Embedding AI in dashboards to surface insights
Dash apps built with Dash Enterprise can include an AI chatbot interface so your end users can:
- Ask natural language questions about the data
- Get instant explanations of charts or KPIs
- Explore the dashboard without needing help from the data team
- Interact with filters, tables, and charts through text queries
- Identify patterns or exceptions flagged by AI inside the app

This reduces back-and-forth, improves decision speed, and extends the reach of your analytics beyond technical teams. It also helps non-technical users become more self-sufficient in understanding data.

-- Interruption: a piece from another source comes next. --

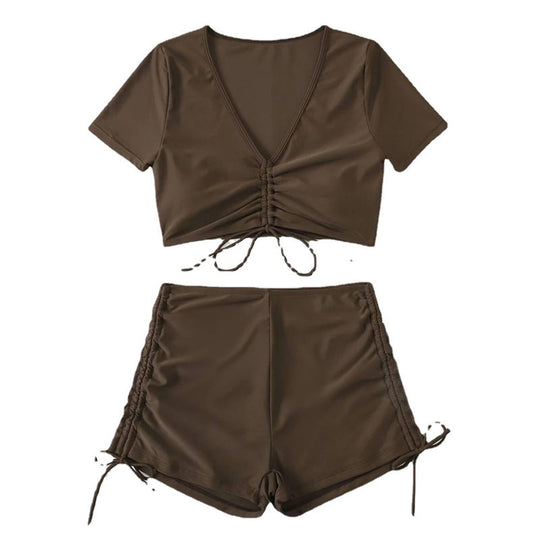 Damen cropped Top mit hohem Bund und Rüschendetails EB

Example: AI chatbot inside a telecom analytics dashboard
The Broadband Insights team recently enhanced their Monthly Metrics data app with an AI-powered chatbot using the Dash Enterprise Chatbot Builder. The chatbot supports both operations teams and investors in identifying trends across monthly financial and subscriber data.
Users can toggle between OpenAI and Ollama models using a built-in radio button, depending on their preferences or use case.
In one mode, the chatbot connects to the underlying database schema and interprets natural language prompts to generate raw SQL. This makes it easier for analysts to explore deeper insights from the data without writing queries manually.
AI is a multiplier, not a replacement
Domain context, thoughtful questions, and good judgment still matter. AI helps by reducing boilerplate, speeding up repetitive tasks, and shortening the path from data to production. Teams that use AI effectively can increase their output without scaling headcount, and reduce the time from idea to deployment.
When integrated into platforms like Dash Enterprise, AI goes beyond coding assistance to integrate directly into how your team builds and ships analytics. It shifts the bottleneck from tooling to thinking. That’s the real opportunity.